Well, it was my pride, mostly. Giving up my resentment would require me to step down from this little pedestal of righteousness I’d constructed. It would also require me to accept that the episode was over, that there would be no further payback or reckoning. I wanted him to regret it, but he’d already said he did. Still, I felt like fully embracing his apology would be like letting him off the hook.

There was a cost to this approach, though. I remained stuck on what he had said and what he’d done. My refusal to let go kept me tethered to this particularly unpleasant chapter of my life, and once I realized this, I could finally see who this grudge was hurting most: me. I was the one who kept thinking about this, replaying what had happened to refresh my anger and then imagining ways I might achieve some sort of payback. I was the one who was continuing to suffer because I wouldn’t stop reliving the past.
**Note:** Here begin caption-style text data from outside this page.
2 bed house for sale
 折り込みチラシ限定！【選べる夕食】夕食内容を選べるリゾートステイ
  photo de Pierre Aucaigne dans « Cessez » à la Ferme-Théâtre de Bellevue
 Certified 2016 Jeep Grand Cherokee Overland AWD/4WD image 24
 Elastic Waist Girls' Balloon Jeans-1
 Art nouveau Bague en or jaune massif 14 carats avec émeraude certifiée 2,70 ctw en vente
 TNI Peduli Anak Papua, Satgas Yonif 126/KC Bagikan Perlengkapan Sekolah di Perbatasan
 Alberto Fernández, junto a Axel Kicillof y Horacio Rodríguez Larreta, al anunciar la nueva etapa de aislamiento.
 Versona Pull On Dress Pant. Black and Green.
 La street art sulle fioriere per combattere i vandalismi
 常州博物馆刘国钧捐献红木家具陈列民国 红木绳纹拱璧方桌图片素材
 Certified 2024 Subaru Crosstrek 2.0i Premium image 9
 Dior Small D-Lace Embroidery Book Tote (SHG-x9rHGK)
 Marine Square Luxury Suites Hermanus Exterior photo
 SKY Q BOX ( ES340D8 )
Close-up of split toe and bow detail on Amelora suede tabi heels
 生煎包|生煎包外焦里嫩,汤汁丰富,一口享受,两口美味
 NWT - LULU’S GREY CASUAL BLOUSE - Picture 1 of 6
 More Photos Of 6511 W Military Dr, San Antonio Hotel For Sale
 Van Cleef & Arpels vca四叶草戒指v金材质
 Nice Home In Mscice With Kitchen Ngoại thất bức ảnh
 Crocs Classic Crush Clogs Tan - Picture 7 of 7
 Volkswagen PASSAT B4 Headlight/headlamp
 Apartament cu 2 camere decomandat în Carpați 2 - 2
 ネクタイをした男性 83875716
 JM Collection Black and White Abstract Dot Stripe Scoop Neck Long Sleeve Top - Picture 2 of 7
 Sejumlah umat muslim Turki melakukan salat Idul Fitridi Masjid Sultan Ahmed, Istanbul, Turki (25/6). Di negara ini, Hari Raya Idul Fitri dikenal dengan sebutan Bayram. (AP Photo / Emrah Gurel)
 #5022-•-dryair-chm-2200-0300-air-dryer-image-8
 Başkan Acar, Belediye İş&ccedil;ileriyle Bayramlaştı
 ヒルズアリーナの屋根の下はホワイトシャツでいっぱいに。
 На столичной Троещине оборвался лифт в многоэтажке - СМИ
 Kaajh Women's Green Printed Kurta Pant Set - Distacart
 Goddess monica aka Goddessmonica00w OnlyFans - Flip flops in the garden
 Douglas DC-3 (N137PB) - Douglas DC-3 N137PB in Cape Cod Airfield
When Dave’s father was sick last year, I expressed my best wishes to him on Twitter. I also got his phone number and sent him a message. When his Dad later died, I called to express my condolences. We’ve texted since then.

I stayed furious to the point that my anger became an end unto itself. I was mad because I felt I had a right to be mad. What was the point?

I’m not saying all this so I look better or appear magnanimous. I don’t feel I was the bigger person in this situation. I feel small for how long it took me to accept the apology fully and truly, but once I did, it provided a freedom and a relief I never expected, and that’s something worth sharing. Now I’m the one who’s sorry.

I’m sorry I cursed at him. I’m sorry I started an argument with him. I’m sorry I didn’t accept his initial apology more heartily. I’m sorry not just because of what this did to him; I’m sorry because of what it did to me.